======== Supplied records

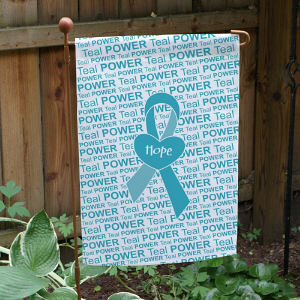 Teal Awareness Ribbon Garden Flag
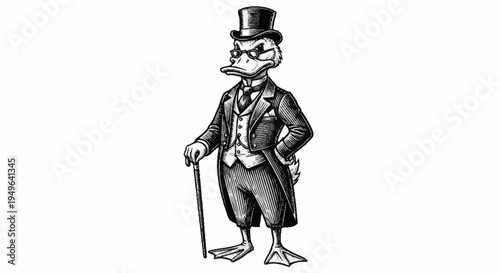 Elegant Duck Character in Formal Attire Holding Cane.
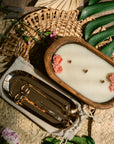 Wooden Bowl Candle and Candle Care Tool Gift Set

================
======== Supplied records

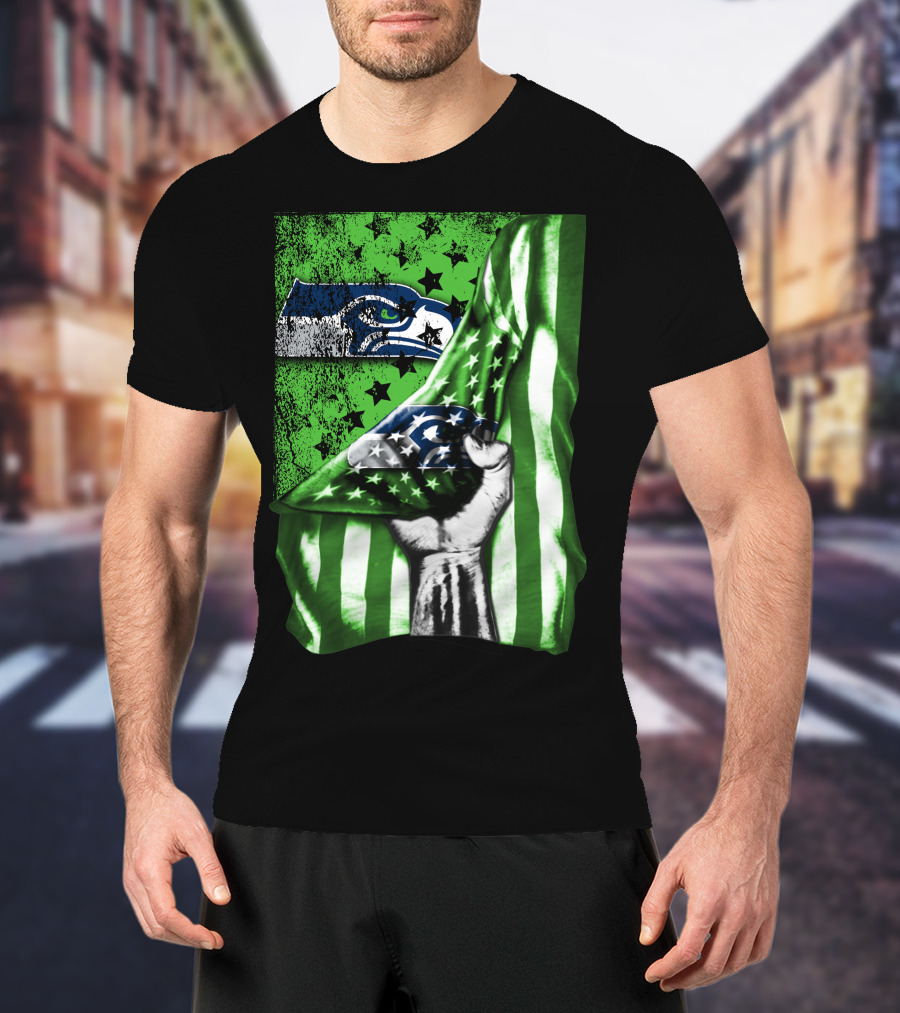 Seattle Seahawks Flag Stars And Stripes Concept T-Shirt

================
======== Supplied records

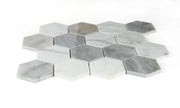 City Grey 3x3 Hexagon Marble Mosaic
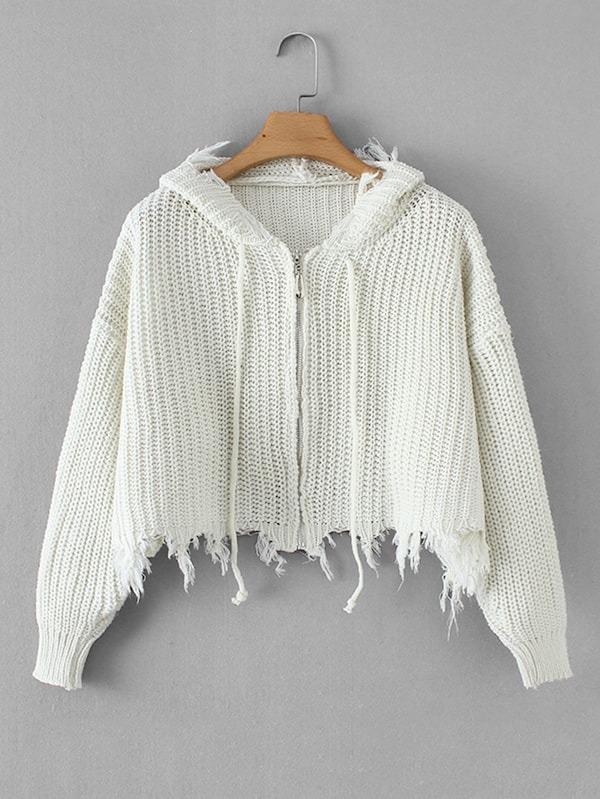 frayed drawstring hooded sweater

================

◆ Exercise aim
Starting at the line with "Teal Awareness Ribbon Garden Flag" and finishing at the line with "Wooden Bowl Candle", copy the material above exactly, both lines included. Nothing else goes in, and no pictures.

◆ Finished exercise
 Teal Awareness Ribbon Garden Flag
 Elegant Duck Character in Formal Attire Holding Cane.
 Wooden Bowl Candle and Candle Care Tool Gift Set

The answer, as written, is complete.